Climate Champion Programme Showcases Producers' Solutions

AUSTRALIA - Cattle, sheep and goat producers are proactively raising awareness about how risks and opportunities of climate variability can be managed to better the environment and their bottom line, announces Meat and Livestock Australia.
calendar icon 6 November 2012
clock icon 2 minute read
Meat & Livestock Australia

Australia has one of the most variable climates in the world and – over the last decade primary producers have tackled severe droughts through to flooding rains.

Now, 33 farmers across the nation are meeting these challenges head-on as Climate Champion participants, to showcase how they proactively manage climate variability year-round.

The three-year Climate Champion programme is part of the Managing Climate Variability (MCV) research and development (R and D) programme. The MCV Programme has helped Australian farmers manage risk for more than a decade by providing seasonal forecasts and practical tools to incorporate climate information into on-farm decisions.

MCV Programme Science Coordinator Beverley Henry said since the launch of the Climate Champion programme in March 2010, participating producers have accessed the latest research in weather forecasting and climate analysis.

“An important part of the programme is opening up a conversation between producers and researchers, so Climate Champions are given the opportunity to interact with researchers studying climate variability and provide feedback and suggestions to help set priorities for agricultural research.”

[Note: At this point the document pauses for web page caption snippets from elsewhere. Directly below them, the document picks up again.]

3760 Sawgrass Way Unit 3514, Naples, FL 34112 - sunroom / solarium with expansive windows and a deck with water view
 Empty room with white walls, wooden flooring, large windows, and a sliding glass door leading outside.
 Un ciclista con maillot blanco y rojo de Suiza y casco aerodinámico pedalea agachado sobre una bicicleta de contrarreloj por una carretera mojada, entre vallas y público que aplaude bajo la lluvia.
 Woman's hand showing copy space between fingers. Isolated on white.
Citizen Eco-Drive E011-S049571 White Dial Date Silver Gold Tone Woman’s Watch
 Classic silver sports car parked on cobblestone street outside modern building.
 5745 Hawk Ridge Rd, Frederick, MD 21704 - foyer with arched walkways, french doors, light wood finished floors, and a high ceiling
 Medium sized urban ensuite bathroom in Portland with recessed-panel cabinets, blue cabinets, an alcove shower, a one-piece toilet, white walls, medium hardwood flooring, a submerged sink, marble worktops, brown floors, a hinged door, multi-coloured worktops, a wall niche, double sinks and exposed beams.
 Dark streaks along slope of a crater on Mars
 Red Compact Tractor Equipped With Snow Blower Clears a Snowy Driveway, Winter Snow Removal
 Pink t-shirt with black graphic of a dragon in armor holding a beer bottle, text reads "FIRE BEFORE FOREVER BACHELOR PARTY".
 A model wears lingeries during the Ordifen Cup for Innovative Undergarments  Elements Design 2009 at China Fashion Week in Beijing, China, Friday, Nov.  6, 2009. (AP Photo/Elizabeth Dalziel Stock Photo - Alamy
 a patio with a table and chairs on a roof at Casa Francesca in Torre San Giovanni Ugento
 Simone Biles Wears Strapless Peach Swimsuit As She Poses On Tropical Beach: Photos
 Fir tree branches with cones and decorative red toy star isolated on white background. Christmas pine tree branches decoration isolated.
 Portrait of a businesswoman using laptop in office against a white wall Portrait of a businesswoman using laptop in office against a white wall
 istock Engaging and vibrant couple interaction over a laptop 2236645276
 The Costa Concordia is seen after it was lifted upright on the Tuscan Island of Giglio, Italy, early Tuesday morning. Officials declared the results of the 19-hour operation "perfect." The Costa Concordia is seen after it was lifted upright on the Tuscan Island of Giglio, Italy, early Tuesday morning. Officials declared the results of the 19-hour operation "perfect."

Market research conducted for MCV revealed many producers rely on their neighbours for information, so a feature of the Climate Champion programme is ‘farmers educating farmers’.

“The programme does not tell producers what to say. Instead, it is building their capacity by making research, leading scientists and networks available to them,” Beverley said.

“Participants can disseminate this knowledge with their fellow producers at field days, in on-line discussions, through media interviews, and by opening the gate to showcase their own farming systems.

“They also ‘road-test’ research tools and products to ensure MCV’s R and D investment is targeting issues of real interest to producers. This feedback enables MCV to better represent their climate information needs at national and state forums.”

MLA is investing in R and D to position agriculture to manage climate variability, along with fellow MCV partners: the Grains Research and Development Corporation (which manages the MCV), the Rural Industries, and Sugar Research and Development Corporations and the Australian Government Department of Agriculture, Fisheries and Forestry.